**WHAT YOU ARE ASKED TO DO**
From the line containing "Farm i Colos, Beja, Colos" through the last line of the material, copy every line exactly, both ends inclusive; do not copy pictures.

**PROVIDED RECORDS**
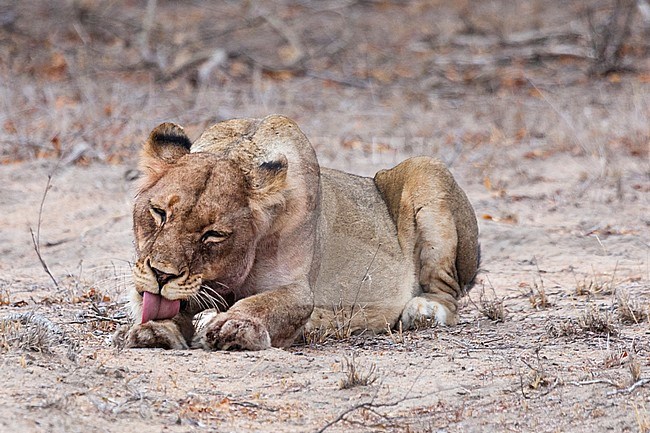 Lion (Panthera Leo) female cleaning herself at Kruger National Park in summer stock-image by Agami/Caroline Piek,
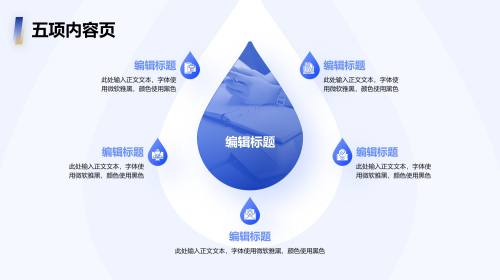 五项内容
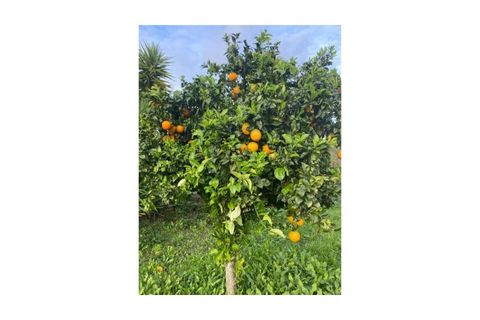 Farm i Colos, Beja, Colos - € 155.000 | Ref: 33308457 - foto 31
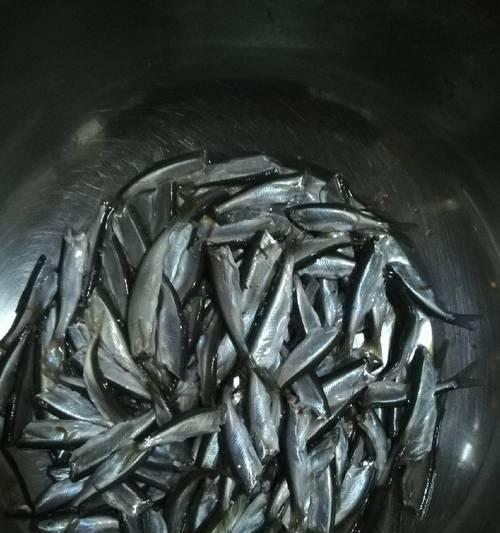 北方元宵节过后钓鱼技巧有哪些？如何提高钓鱼成功率？  第1张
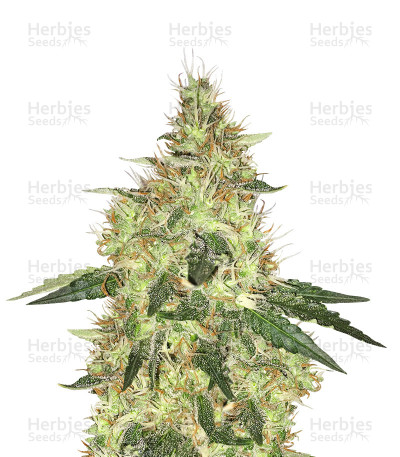 Cookie Dawg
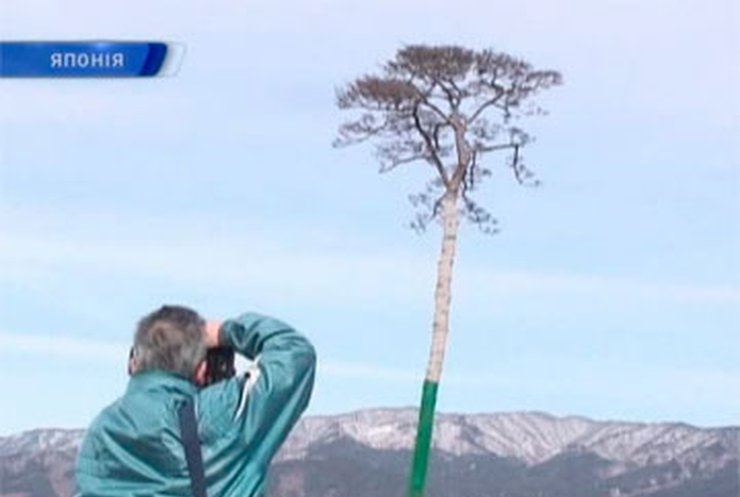 В Японии дерево станет памятником воли к жизни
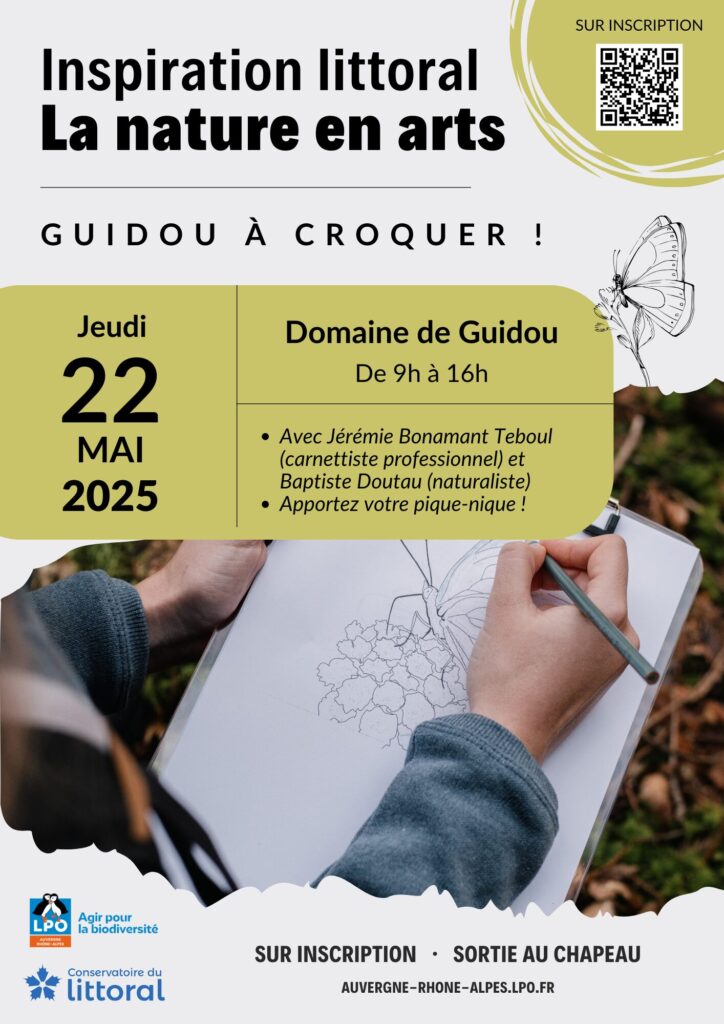 Inspiration littoral La nature en arts Guidou à croquer 22.05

**ANSWER TO THIS PROBLEM**
 Farm i Colos, Beja, Colos - € 155.000 | Ref: 33308457 - foto 31
 北方元宵节过后钓鱼技巧有哪些？如何提高钓鱼成功率？  第1张
 Cookie Dawg
 В Японии дерево станет памятником воли к жизни
 Inspiration littoral La nature en arts Guidou à croquer 22.05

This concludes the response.